The International Football Association Board (IFAB) publishes new definitions for handball on Friday, though so far we are led to believe this will only cover instances where an attacking player is involved. As such, we may still be left with an ambiguous law for defenders.
2. Porto's extra time penalty in win over Roma
This decision was far less contentious. Alessandro Florenzi tugged back Fernando just as the Porto player looked destined to latch on to Maxi Pereira's low shot across the face of the goal. No penalty was given by referee Cuneyt Cakir at the time, but on initial TV replays it seemed inevitable that VAR would call for a review.
Offside was checked, but as we have seen with recent examples involving Salif Sane and Harry Kane, a player can be in an offside position and still win a spot kick. It mattered not, because Aleksandar Kolarov was marginally playing Fernando onside anyway. There was only ever going to be one outcome as Cakir left his screen and pointed to the spot. Alex Telles converted and Porto went through.

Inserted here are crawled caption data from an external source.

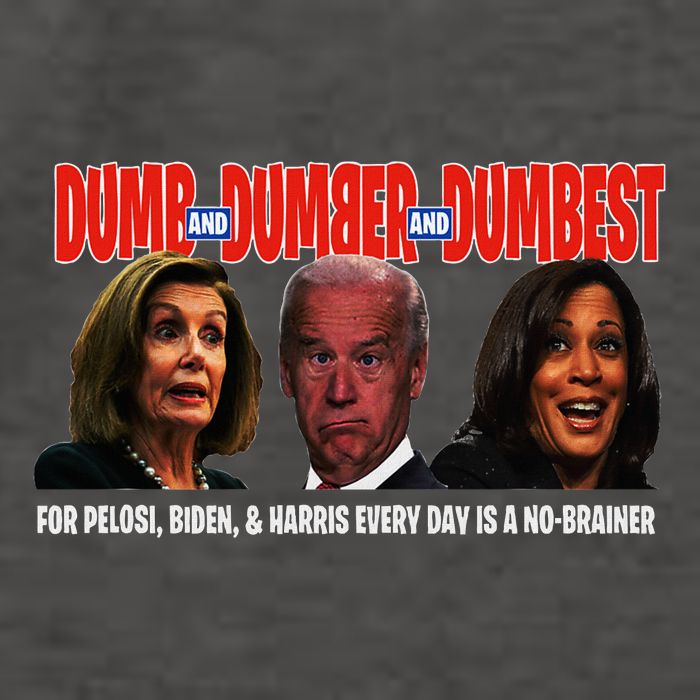 Pelosi Biden Harris Are Dumb & Dumber & Dumbest Funny Vector Backpack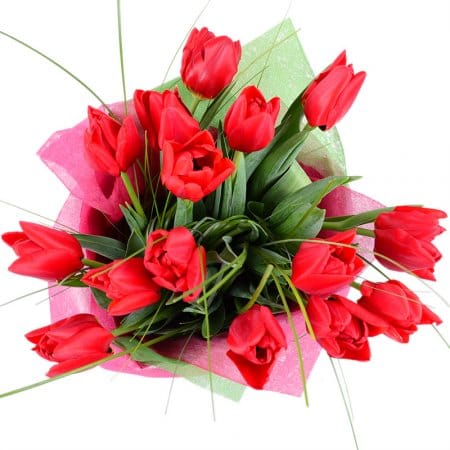 Red tulips – flower delivery in Hako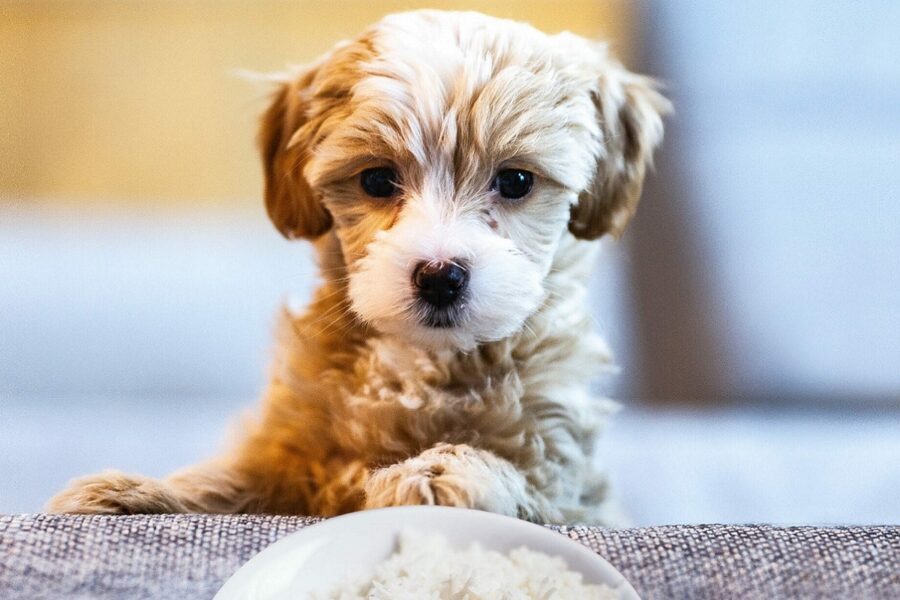 cane osserva cosa c'è sul tavolo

There was yet more controversy late on, though, when Roma's Patrik Schick went down in the corner of the box as he was chased by Moussa Marega. Though VAR initiated an upstairs review, he did not ask Cakir to view it pitchside and said play should continue. That was surprising, as it did look like Marega may have clipped the heels of Schick. It was very similar to the penalty awarded via VAR to Iceland's Alfred Finnbogason following a foul by Nigeria's Tyronne Ebuehi at the World Cup.